__ABOUT THIS EXERCISE__:
Using the listing below, print exactly everything from the line with "Galata'dan şehitlerimiz ve" down to the line with "ANABELLE BROWN Lampa", both included, and nothing more.

__DATA EXCERPTS__:
Content starts
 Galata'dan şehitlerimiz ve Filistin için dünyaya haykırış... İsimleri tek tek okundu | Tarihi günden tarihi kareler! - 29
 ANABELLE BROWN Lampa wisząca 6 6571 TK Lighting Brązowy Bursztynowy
Content ends
Content starts
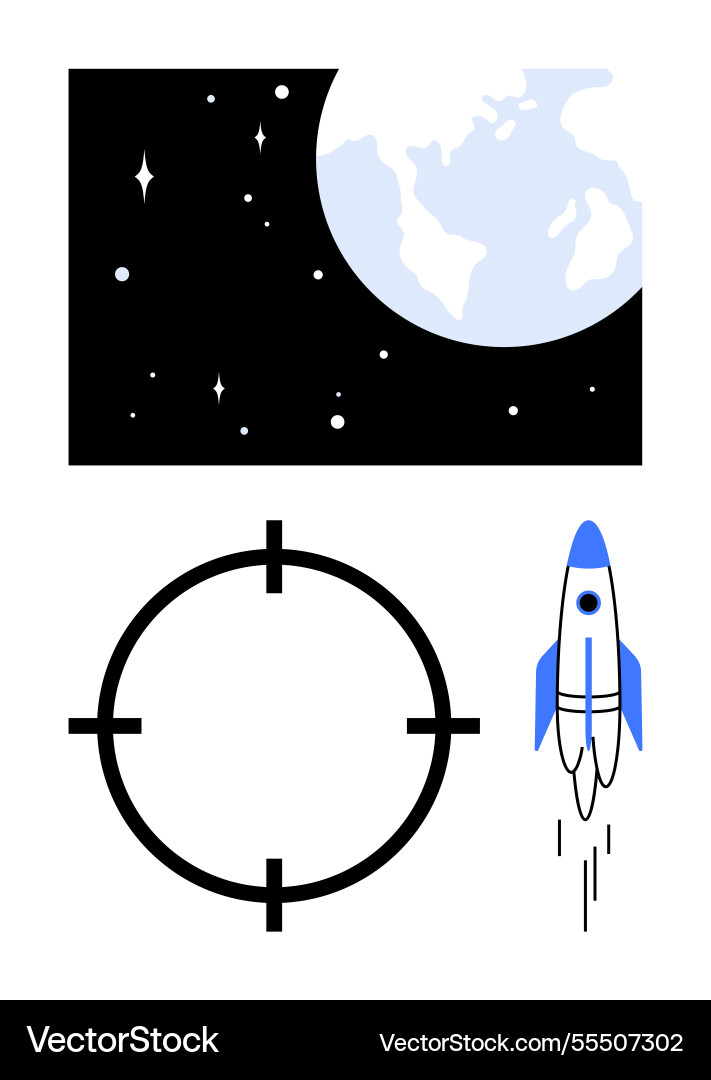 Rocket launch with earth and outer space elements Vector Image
Content ends
__ANSWER TO THIS PROBLEM__:
 Galata'dan şehitlerimiz ve Filistin için dünyaya haykırış... İsimleri tek tek okundu | Tarihi günden tarihi kareler! - 29
 ANABELLE BROWN Lampa wisząca 6 6571 TK Lighting Brązowy Bursztynowy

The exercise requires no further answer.